[
https://issues.apache.org/jira/browse/AVRO-806?page=com.atlassian.jira.plugin.system.issuetabpanels:comment-tabpanel&focusedCommentId=13260732#comment-13260732
]
Raymie Stata commented on AVRO-806:
-----------------------------------
This is the second attempt at a column-major codec. The whole goal of
col-major formats is to optimize performance. Thus, to drive this exercise
forward it seems necessary to have some kind of benchmark to do some testing.
(I don't think a micro-benchmark is sufficient -- rather the right benchmark is
with a query planner (Hive?) that can take advantage of these formats.) With
such a benchmark in place, we'd compare the performance of the existing
row-major (as a baseline) Avro formats with the various, proposed col-major
formats to make sure that we're getting the kind of performance improvements
(2x, 4x or more) to justify the complexity of a col-major format.

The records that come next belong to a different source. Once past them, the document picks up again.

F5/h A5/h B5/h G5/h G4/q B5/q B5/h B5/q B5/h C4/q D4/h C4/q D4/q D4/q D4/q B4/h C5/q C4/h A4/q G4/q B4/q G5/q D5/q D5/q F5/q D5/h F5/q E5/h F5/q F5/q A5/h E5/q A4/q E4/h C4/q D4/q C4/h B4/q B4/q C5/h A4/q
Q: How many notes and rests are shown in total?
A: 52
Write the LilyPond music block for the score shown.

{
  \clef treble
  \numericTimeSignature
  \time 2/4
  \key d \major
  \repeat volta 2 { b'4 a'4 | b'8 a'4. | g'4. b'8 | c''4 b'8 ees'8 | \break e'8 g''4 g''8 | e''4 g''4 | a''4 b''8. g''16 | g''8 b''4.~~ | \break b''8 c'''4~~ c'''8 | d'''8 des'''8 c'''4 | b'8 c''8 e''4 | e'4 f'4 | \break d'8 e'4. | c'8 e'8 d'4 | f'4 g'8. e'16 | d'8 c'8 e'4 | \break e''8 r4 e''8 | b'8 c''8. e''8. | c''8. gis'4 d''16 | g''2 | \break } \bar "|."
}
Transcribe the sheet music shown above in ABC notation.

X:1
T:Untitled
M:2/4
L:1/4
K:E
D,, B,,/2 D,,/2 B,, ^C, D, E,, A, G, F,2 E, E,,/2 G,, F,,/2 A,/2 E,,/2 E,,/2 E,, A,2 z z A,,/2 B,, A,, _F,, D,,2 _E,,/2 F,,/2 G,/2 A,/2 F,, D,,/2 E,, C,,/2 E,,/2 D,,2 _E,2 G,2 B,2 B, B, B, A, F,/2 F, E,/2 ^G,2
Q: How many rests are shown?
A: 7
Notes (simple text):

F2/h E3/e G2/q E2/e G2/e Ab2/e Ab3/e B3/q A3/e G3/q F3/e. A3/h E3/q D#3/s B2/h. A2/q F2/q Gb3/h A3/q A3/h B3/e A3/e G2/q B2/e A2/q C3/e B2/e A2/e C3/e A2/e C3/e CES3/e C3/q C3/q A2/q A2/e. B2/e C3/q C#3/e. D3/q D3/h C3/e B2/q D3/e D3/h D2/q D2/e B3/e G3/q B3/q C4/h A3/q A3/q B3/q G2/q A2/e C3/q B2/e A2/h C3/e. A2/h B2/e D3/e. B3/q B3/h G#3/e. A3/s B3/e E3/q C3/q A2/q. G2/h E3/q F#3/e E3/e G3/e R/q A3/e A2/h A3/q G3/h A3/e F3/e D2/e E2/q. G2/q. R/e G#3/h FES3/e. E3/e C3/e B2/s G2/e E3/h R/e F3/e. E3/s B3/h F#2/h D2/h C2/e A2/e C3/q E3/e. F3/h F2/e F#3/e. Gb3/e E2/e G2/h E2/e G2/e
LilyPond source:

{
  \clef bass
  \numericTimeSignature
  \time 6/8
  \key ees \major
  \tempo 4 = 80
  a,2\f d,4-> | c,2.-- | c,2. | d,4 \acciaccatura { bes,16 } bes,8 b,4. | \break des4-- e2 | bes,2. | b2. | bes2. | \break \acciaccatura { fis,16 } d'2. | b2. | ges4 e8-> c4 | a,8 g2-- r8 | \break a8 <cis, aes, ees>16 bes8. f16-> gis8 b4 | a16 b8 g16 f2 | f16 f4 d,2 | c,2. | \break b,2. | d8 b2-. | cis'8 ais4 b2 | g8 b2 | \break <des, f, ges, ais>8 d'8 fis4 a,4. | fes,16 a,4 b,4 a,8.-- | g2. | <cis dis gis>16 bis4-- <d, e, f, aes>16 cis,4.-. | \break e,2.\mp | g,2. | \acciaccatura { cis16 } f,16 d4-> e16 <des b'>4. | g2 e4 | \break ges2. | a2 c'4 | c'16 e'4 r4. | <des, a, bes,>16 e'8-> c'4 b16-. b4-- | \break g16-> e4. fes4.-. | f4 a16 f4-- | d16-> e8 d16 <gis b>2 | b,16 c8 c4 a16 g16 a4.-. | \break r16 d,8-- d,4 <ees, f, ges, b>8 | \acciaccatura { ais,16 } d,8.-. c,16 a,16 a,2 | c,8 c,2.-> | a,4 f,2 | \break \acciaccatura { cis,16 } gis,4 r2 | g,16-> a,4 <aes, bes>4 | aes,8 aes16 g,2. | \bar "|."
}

Some comments more specific to this proposal: First, I'd like to see the Type
Mapping section for Avro filled in; this would give us a much better idea of
what you're trying. Second, at first glance, it seems like your design
replicates some of the features of RCFiles that the CIF paper claims cause
performance problems (but, again, maybe this issue is better addressed via some
benchmarking).
Regarding your implementation of this proposal, it re-implements all the
lower-levels of Avro. It seems like this double-implementation will be a
maintenance problem.
> add a column-major codec for data files
> ---------------------------------------
>
> Key: AVRO-806
> URL: https://issues.apache.org/jira/browse/AVRO-806
> Project: Avro
> Issue Type: New Feature
> Components: java, spec
> Reporter: Doug Cutting
> Assignee: Doug Cutting
> Fix For: 1.7.0
>
> Attachments: AVRO-806-v2.patch, AVRO-806.patch, avro-file-columnar.pdf
>
>
> Define a codec that, when a data file's schema is a record schema, writes
> blocks within the file in column-major order. This would permit better
> compression and also permit efficient skipping of fields that are not of
> interest.
--
This message is automatically generated by JIRA.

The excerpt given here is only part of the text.